Godard 1961 – 67 arasında çektiği ve pek çok eleştirmenin her birini Anna Karina’ya yazılmış bir aşk mektubu olarak tanımladığı sekiz ayrı filminde rol verdiği Karina ile 1961 – 65 arasında evli kalmıştı. “Pierrot le Fou” ayrılmalarından hemen sonra çekilen bir filmdi ve bu bilgi ile birlikte değerlendirince, zaman zaman diyaloglara ve hatta görsel tercihlere yansıyan hüzün (“Uçuruma saatte 100 km hızla yaklaşan bir adamın yüzünü görüyorum / Ben de o adama âşık bir kadının yüzünü görüyorum”) daha net ortaya çıkıyor. Ferdinand’ın bir bakıma Godard’ın alter-egosu olması, bu hüznü daha belirgin kılıyor kuşkusuz. İki usta oyuncu, Belmondo ve Karina, sadece bu hüznü değil; romantizmi, entelektüel bakışı ve hatta mizahı da müthiş bir beceri ile getiriyorlar karşımıza. Belmondo’nun Charlie Chaplin’in “dünyanın en büyük oyuncusu” dediği Michel Simon’u, Karina’nın ise Vietnamlı bir genç kızı taklit ettiği sahne gibi beklenmedik eğlencesi olan bölümlerden bir müzikal (ama kesinlikle Hollywood yapaylığından uzak bir müzikal) havası taşıyan sahnelere ve romantizm ile hüzün ve aksiyonun iç içe geçtiği anlara oyuncular rahat ve doğal bir oyunculuk sergiliyorlar ve filmografisinde gittikçe artan bir şekilde anaakımın kalıplarından uzaklaşan bir yönetmenin filminde seyirciye gerçek, doğal ve çekici gelecek performanslar sunmanın zorluğu düşünüldüğünde daha da değer kazanan bir başarı elde ediyorlar. Belki de bu başarılarının en önemli kanıtı öyküyü, onların yerinde başka oyuncularla hayal edemeyeceğimiz şekilde, kendilerine ait kılmaları.

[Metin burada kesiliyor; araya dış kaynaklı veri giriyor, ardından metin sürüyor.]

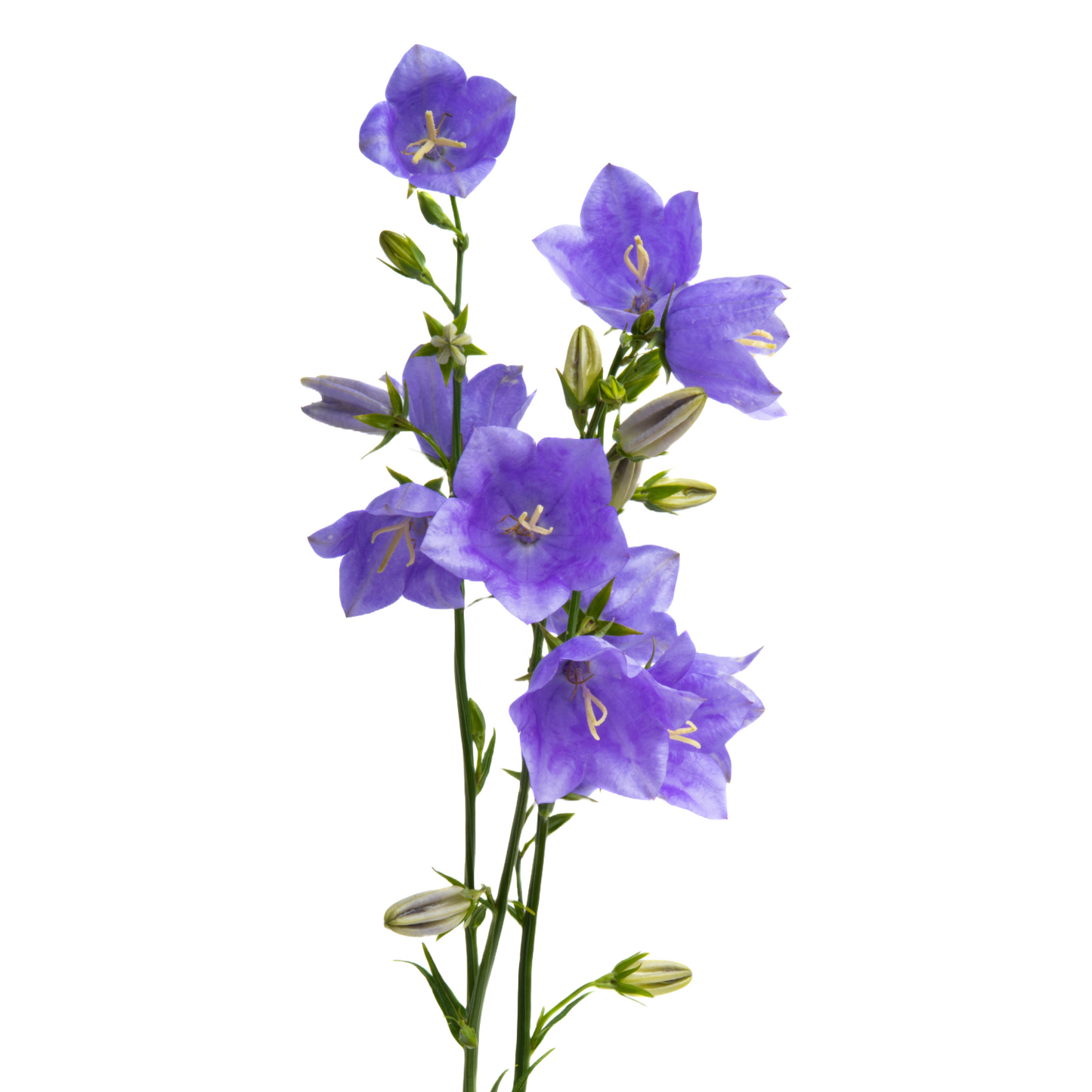 Campanula Lavender Per Stem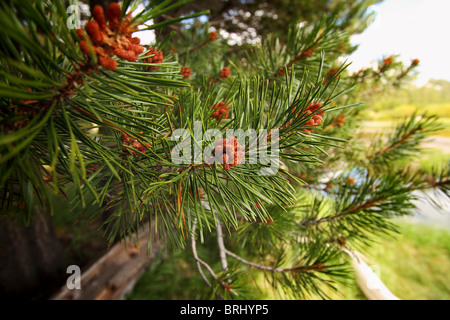 Beautiful bristle cone pine tree Stock Photo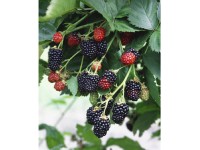 Ostružina černicová (Rubus fruticosus) mix odrôd výška cca 40 cm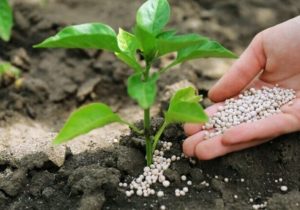 ۱۴۹۰تن کود کشاورزی در مازندران توزیع شد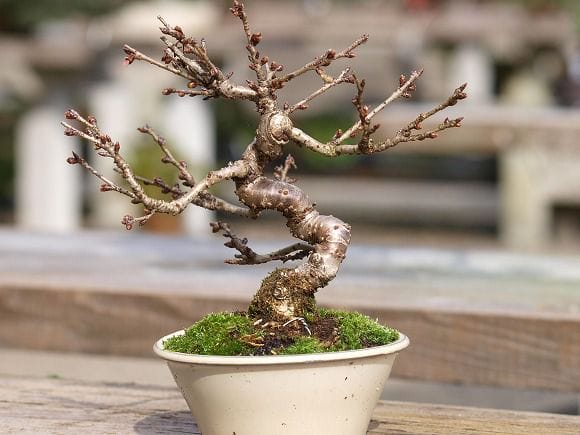 十月桜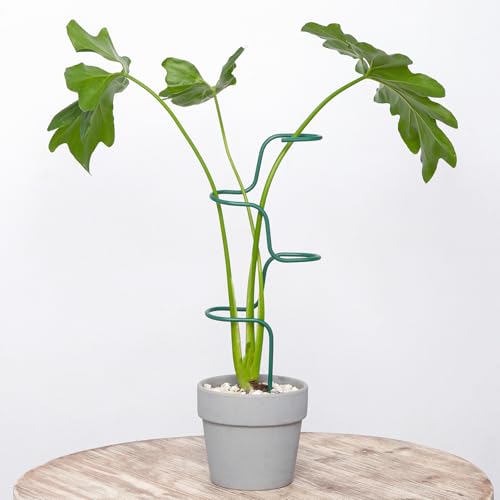 Plant Support Stakes - 3 Pack Durable Metal Trellis for Monstera - color: Green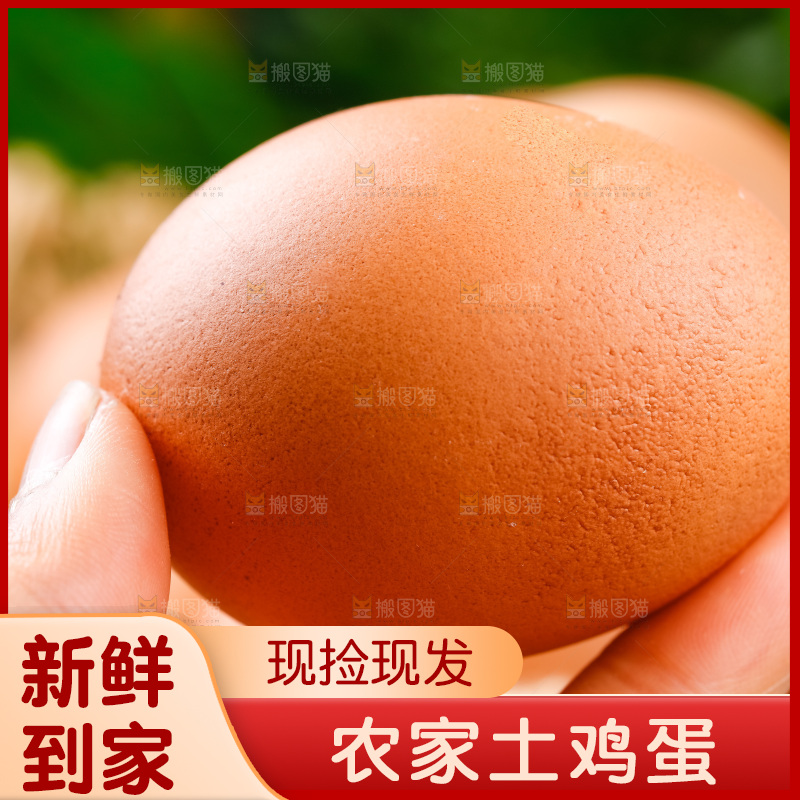 手拿土鸡蛋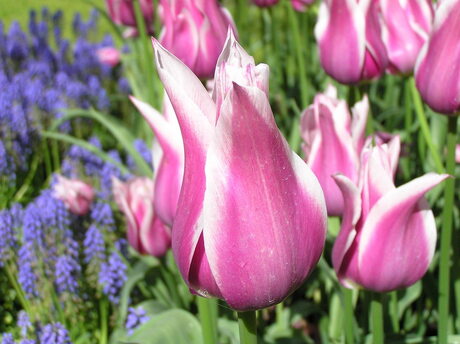 Keukenhof 2005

Fransız komedyen Raymond Devos’un tek bir sahnede görünerek ve acınası bir komikliği olan bir karakteri canlandırarak renk kattığı filmde politik unsurlar da bir şekilde hep kendisini hissettiriyor. Radyodaki bir haber ve sinemadaki haber filmi Vietnam Savaşı’nı öykünün parçası yaparken, iki kötü adam “savaşta öğrendikleri yöntem”i uygulayarak işkence yapıyorlar birisine ve OAS adındaki örgüt, ismi ve elemanları ile kahramanlarımızın karşısına çıkıyor. Cezayir’in bağımsızlık mücadelesine karşı çıkanların oluşturduğu ve ordunun bir kısmının desteğini de alan bu terör örgütünün varlığının filme kattığı politik hava, ilk anda düşünüleceğinin aksine hiç de yapay görünmüyor üstelik. Godard’ın, bu çalışması için “ikinci ilk filmim” demesi onun konudan konuya, tarzdan tarza atlayan sinemasının bu filmle daha net bir biçimde ortaya çıkmasının sonucu olsa gerek; burada da işte romantizmin ve lirizmin bu türden net bir politik içerikle iç içe olabilmesi hiç de yadırgatmıyor bizi öykü boyunca.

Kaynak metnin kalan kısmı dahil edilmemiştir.